By Alexei Malgavko, AFP /Pikhtovoye, Russia
Only five other people live in Galina Yermolova’s tiny Siberian village Pikhtovoye, isolated from the world by the dense taiga — swampy coniferous forest — and a swamp.
One of the other people is her husband.
Every week, she travels 16km through the forest to the nearest post office in a larger village to collect the post, supplies and pensions for her neighbours.
“We used to go by tractor. It would take us three hours,” the 56-year-old said.
But recently, the couple’s son gave them a life-changing gift: a huge-wheeled monster truck built by a friend that can plough through the muddy tracks much faster.
With her husband at the wheel, Yermolova can now reach the post office in an hour.
It’s still a bumpy ride and in the summer she holds onto the open roof, laughing, while her husband is refreshed by the breeze of a fan attached to the side of the vehicle.

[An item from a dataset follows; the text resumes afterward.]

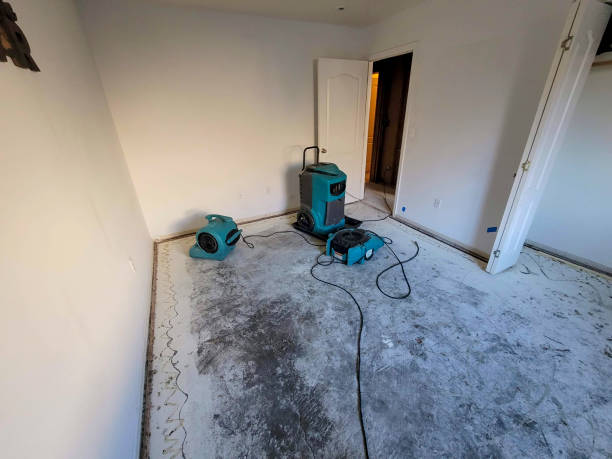 Best 24-hour water damage restoration  in Saratoga, CA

Once in the bigger village of Imshegal, home to around 100 people, she climbs down from the machine using a makeshift cloth step hanging from the back.
Cows roam outside the post office, one of the largely wooden village’s few brick buildings.
There, Yermolova loads basic goods such as sugar, washing-up liquid and shampoo, which have already come from a town some 100km away, onto her truck.
Back in Pikhtovoye, she distributes them to her neighbours.
Being a postwoman has given Yermolova the opportunity to socialise.
“There are only six of us here,” she said. “For me, this job is about being able to talk to people.”
But Yermolova remembers different times.
In the late 1980s, around 450 people lived in Pikhtovoye.
By the mid-1990s, the local school closed down and mainly elderly villagers remained.
In busier times, Yermolova worked as a teacher, then as a librarian and a shop assistant.
“When all those professions ceased to exist (in the village), I had to join the post office,” she said.
Yermolova and her husband, who works in forestry, are the only villagers with a job.
For her neighbours, Yermolova — who they call “Galya”, the affectionate version of her name — is much more than a postwoman.
In an isolated community 400km from the southern Siberian regional hub of Omsk — three time zones away from Moscow — Yermolova also brings something valuable with her: the news.
“Galya finds out what’s going on in neighbouring villages, if something has happened,” said 58-year-old villager Vladimir Negoyev, perched on a haystack while smoking.
“Otherwise what would we do? We have TVs with 120 channels, but how would we know what happens here?”